President Donald Trump is weighing an executive order that would disincentivize states from passing any new artificial intelligence regulations by withholding federal funding from noncompliant states. 

In a circulated draft of the order — titled “Eliminating State Law Obstruction of National AI Policy” — Trump stresses his administration’s light-touch regulatory preference, saying U.S.-made AI products need an industry-friendly environment to lead globally, and having “50 discordant” state laws governing these technologies will hinder this mission.

“American AI companies must be free to innovate without cumbersome regulation,” the draft order reads. “But State legislatures have introduced over 1,000 AI bills that threaten to undermine that innovative culture.”

Notably, the order would restrict various federal funding programs for states if their domestic AI laws are found to hinder the administration’s AI policy. The Department of Commerce would be tasked with evaluating potentially “onerous” state AI laws, along with AI and Crypto Czar David Sacks. 

These evaluations will specifically look at laws that require AI models to potentially alter their outputs in ways that could violate the First Amendment. States’s eligibility for select federal funds will be dependent upon the results of these evaluations. 

Funding under programs like the Broadband Equity Access and Deployment Program would become dependent on states’ AI regulatory landscapes. Other agencies would be instructed to “take immediate steps” to evaluate states that are not eligible for their funding and grant programs if their AI policies are in conflict with the Trump administration’s posture. 

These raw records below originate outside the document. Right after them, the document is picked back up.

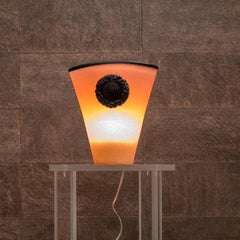 Tommaso Barbi Modern Pink and Black Italian Glass Lamp
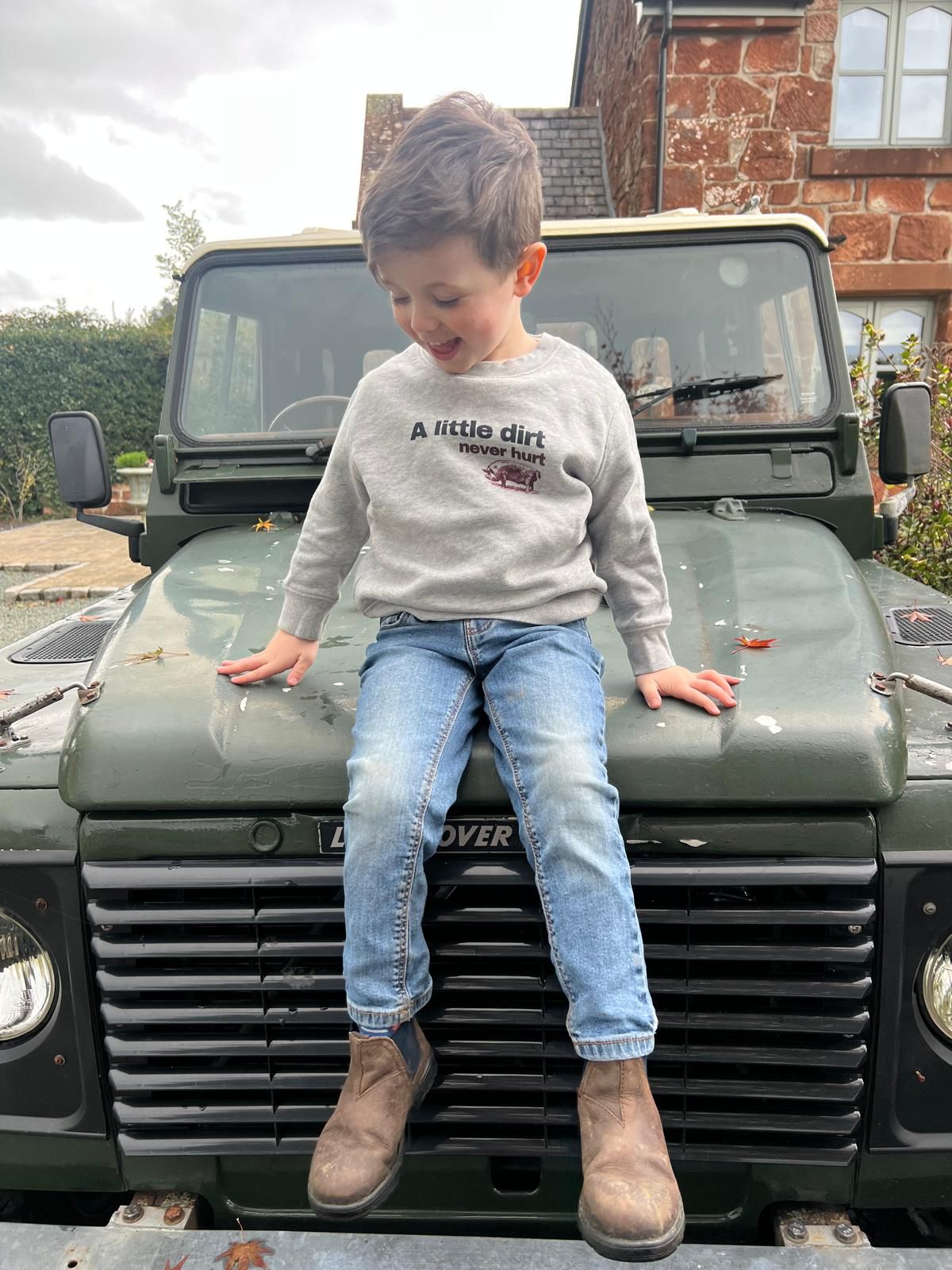 Pre Order-Sew Aneira A Little Dirt Never Hurt Grey Sweatshirt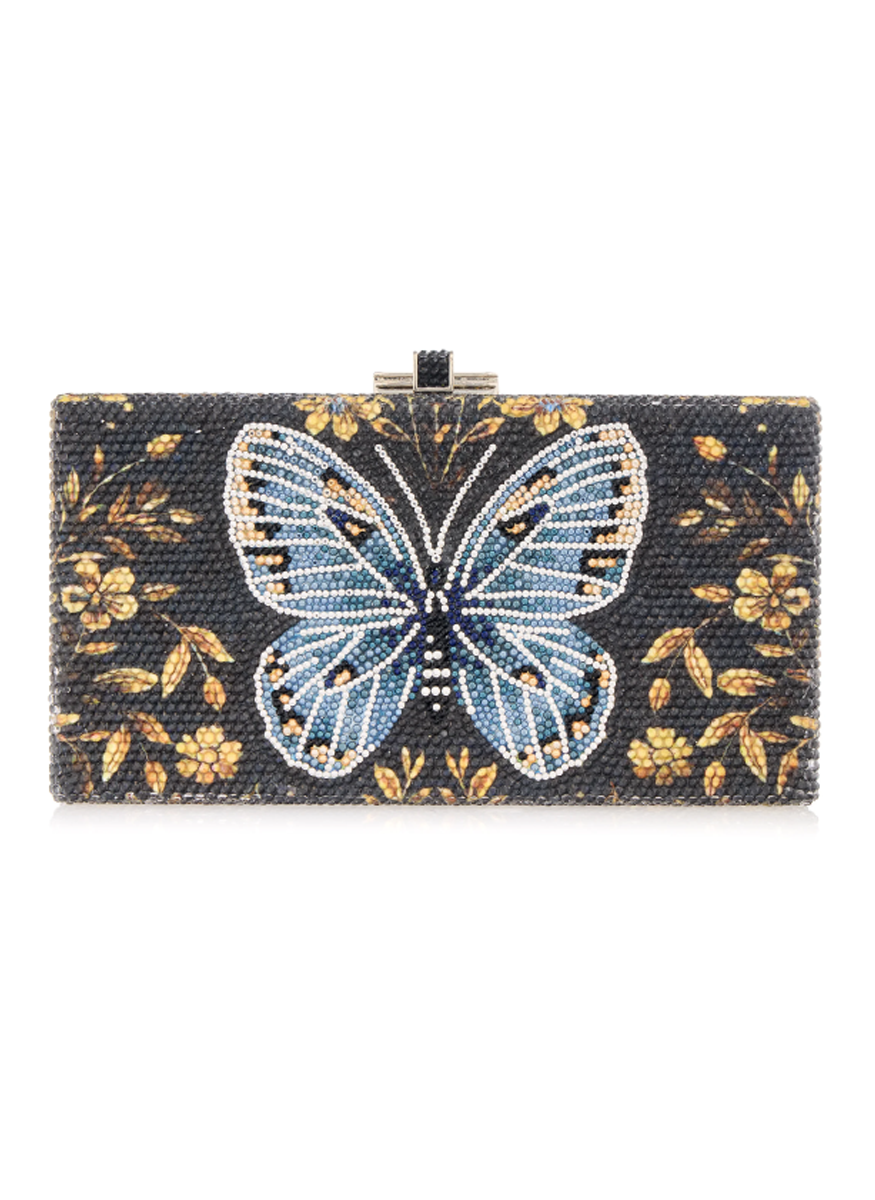 Sleek Rectangle Clutch in Midnight Butterfly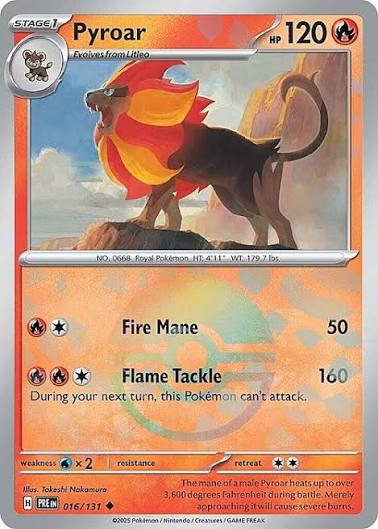 Pyroar POKEBALL REVERSE HOLO Prismatic Evolutions 016/131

Current language in the draft order also asks the chairman of the Federal Communications Commission to work with Sacks to determine whether to craft and adopt a federal reporting and disclosure standard for AI models that preempts conflicting state laws after the evaluations are complete. It also directs Sacks and the director of the White House Office of Legislative Affairs to create a legislative recommendation establishing a unifying federal regulatory framework for AI.

A 10-year federal preemption of potentially disjointed state laws regulating AI use, development and deployment appeared before Congress earlier this year in its reconciliation bill, where it divided lawmakers on how best to federally govern AI, while also acknowledging states’ rights to govern emerging technology in their respective localities. That provision was ultimately removed from the final text.

As was the case with the moratorium before Congress, advocacy groups and think tanks are split on potential White House intervention. The Tech Oversight Project said that many state laws work to protect minors using AI products, and the Trump administration’s preemption posture undermines online child safety.

“Trump’s proposal to strip away these critical protections, which have no federal equivalent, threatens to create a taxpayer-funded death panel that will determine whether kids live or die when they decide what state laws will actually apply,” Sacha Haworth, executive director of The Tech Oversight Project, said in a statement. “We’re in a fight to determine who will benefit from AI: Big Tech CEOs or the American people.”

Alternatively, nonprofit think tank R Street Institute said that federal pressure could wrangle contradictory state laws into a more unified landscape. 

“The Trump administration is clearly fully engaged now on the problems associated with a costly, confusing 50-state crazy-quilt of AI regulations,” Adam Thierer, a senior fellow at R Street, told Nextgov/FCW. “In the end, however, Congress will need to step up and act because Executive Branch authority to address this problem can only be stretched so far, and Executive Orders only last as long as administrations do.”